───── INPUT MATERIAL

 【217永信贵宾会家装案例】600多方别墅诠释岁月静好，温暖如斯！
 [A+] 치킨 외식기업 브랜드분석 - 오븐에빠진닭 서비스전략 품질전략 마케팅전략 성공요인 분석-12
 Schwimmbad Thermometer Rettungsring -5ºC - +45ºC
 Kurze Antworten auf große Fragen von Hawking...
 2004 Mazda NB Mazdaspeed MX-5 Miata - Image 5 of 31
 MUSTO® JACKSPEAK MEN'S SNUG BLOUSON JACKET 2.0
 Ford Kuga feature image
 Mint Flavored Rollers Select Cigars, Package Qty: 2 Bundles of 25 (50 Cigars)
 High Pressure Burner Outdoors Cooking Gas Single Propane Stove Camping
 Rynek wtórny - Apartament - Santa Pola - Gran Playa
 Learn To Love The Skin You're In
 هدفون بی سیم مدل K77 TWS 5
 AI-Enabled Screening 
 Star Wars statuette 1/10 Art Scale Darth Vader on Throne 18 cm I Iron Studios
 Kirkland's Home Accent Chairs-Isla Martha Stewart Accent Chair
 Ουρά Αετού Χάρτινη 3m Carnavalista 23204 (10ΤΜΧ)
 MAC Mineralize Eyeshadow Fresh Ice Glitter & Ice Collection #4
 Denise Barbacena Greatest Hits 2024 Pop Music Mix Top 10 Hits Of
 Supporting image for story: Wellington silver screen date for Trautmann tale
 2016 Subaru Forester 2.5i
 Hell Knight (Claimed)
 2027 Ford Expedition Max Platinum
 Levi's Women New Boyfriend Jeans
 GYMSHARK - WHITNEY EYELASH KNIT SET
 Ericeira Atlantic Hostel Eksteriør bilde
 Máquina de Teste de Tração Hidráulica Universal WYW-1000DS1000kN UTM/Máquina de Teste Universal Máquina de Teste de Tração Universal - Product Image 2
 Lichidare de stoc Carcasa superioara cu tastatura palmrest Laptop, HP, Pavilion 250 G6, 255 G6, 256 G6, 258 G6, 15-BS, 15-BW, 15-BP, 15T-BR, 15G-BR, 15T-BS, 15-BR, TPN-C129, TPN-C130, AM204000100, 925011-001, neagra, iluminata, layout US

──────────

WHAT THE TASK ASKS | Your reply must be a faithful copy of each entry above.

FINAL ANSWER |
 【217永信贵宾会家装案例】600多方别墅诠释岁月静好，温暖如斯！
 [A+] 치킨 외식기업 브랜드분석 - 오븐에빠진닭 서비스전략 품질전략 마케팅전략 성공요인 분석-12
 Schwimmbad Thermometer Rettungsring -5ºC - +45ºC
 Kurze Antworten auf große Fragen von Hawking...
 2004 Mazda NB Mazdaspeed MX-5 Miata - Image 5 of 31
 MUSTO® JACKSPEAK MEN'S SNUG BLOUSON JACKET 2.0
 Ford Kuga feature image
 Mint Flavored Rollers Select Cigars, Package Qty: 2 Bundles of 25 (50 Cigars)
 High Pressure Burner Outdoors Cooking Gas Single Propane Stove Camping
 Rynek wtórny - Apartament - Santa Pola - Gran Playa
 Learn To Love The Skin You're In
 هدفون بی سیم مدل K77 TWS 5
 AI-Enabled Screening 
 Star Wars statuette 1/10 Art Scale Darth Vader on Throne 18 cm I Iron Studios
 Kirkland's Home Accent Chairs-Isla Martha Stewart Accent Chair
 Ουρά Αετού Χάρτινη 3m Carnavalista 23204 (10ΤΜΧ)
 MAC Mineralize Eyeshadow Fresh Ice Glitter & Ice Collection #4
 Denise Barbacena Greatest Hits 2024 Pop Music Mix Top 10 Hits Of
 Supporting image for story: Wellington silver screen date for Trautmann tale
 2016 Subaru Forester 2.5i
 Hell Knight (Claimed)
 2027 Ford Expedition Max Platinum
 Levi's Women New Boyfriend Jeans
 GYMSHARK - WHITNEY EYELASH KNIT SET
 Ericeira Atlantic Hostel Eksteriør bilde
 Máquina de Teste de Tração Hidráulica Universal WYW-1000DS1000kN UTM/Máquina de Teste Universal Máquina de Teste de Tração Universal - Product Image 2
 Lichidare de stoc Carcasa superioara cu tastatura palmrest Laptop, HP, Pavilion 250 G6, 255 G6, 256 G6, 258 G6, 15-BS, 15-BW, 15-BP, 15T-BR, 15G-BR, 15T-BS, 15-BR, TPN-C129, TPN-C130, AM204000100, 925011-001, neagra, iluminata, layout US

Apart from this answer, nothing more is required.